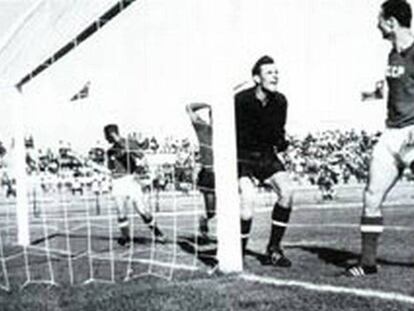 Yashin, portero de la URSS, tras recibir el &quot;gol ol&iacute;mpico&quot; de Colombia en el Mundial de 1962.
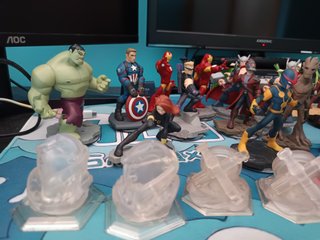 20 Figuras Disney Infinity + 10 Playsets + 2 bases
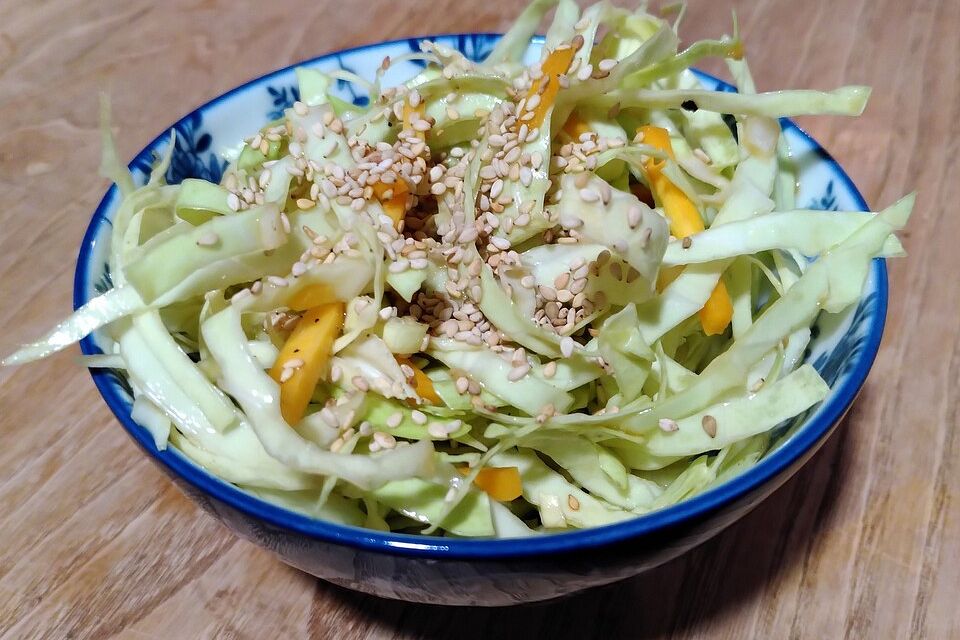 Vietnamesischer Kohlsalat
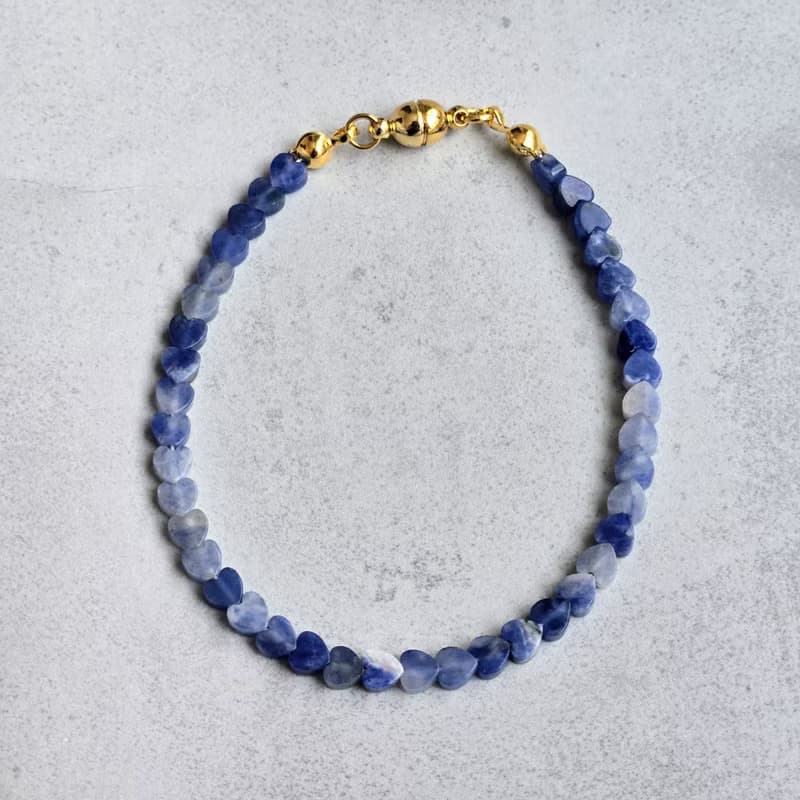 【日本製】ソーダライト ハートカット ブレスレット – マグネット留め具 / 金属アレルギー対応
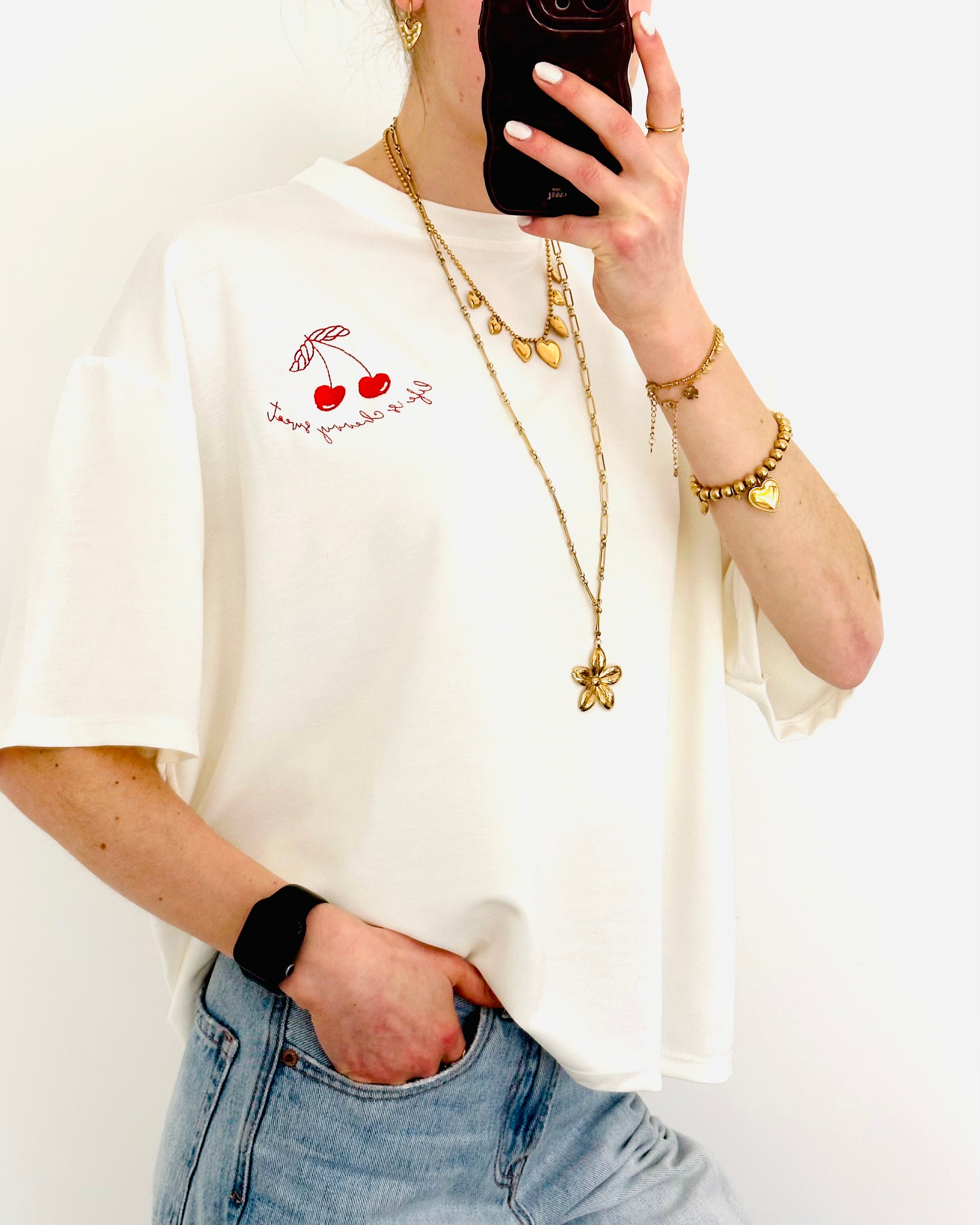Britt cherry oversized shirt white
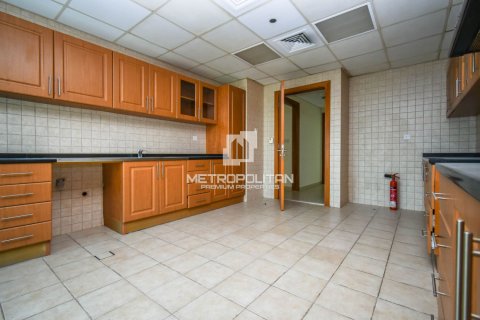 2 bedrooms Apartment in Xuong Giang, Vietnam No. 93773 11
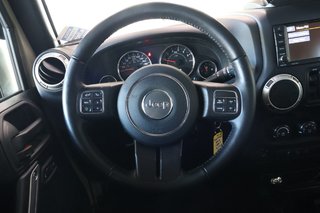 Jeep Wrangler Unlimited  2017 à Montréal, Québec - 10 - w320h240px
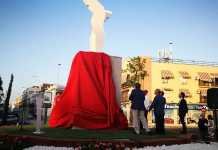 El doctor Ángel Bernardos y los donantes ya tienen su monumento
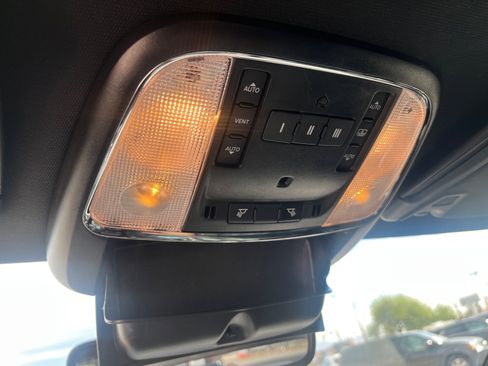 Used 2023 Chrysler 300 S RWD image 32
+ + +
## What you have to do
What is needed is the full material, retyped unchanged, with no pictures in it.

## Task output
 Yashin, portero de la URSS, tras recibir el &quot;gol ol&iacute;mpico&quot; de Colombia en el Mundial de 1962.
 20 Figuras Disney Infinity + 10 Playsets + 2 bases
 Vietnamesischer Kohlsalat
 【日本製】ソーダライト ハートカット ブレスレット – マグネット留め具 / 金属アレルギー対応
Britt cherry oversized shirt white
 2 bedrooms Apartment in Xuong Giang, Vietnam No. 93773 11
 Jeep Wrangler Unlimited  2017 à Montréal, Québec - 10 - w320h240px
 El doctor Ángel Bernardos y los donantes ya tienen su monumento
 Used 2023 Chrysler 300 S RWD image 32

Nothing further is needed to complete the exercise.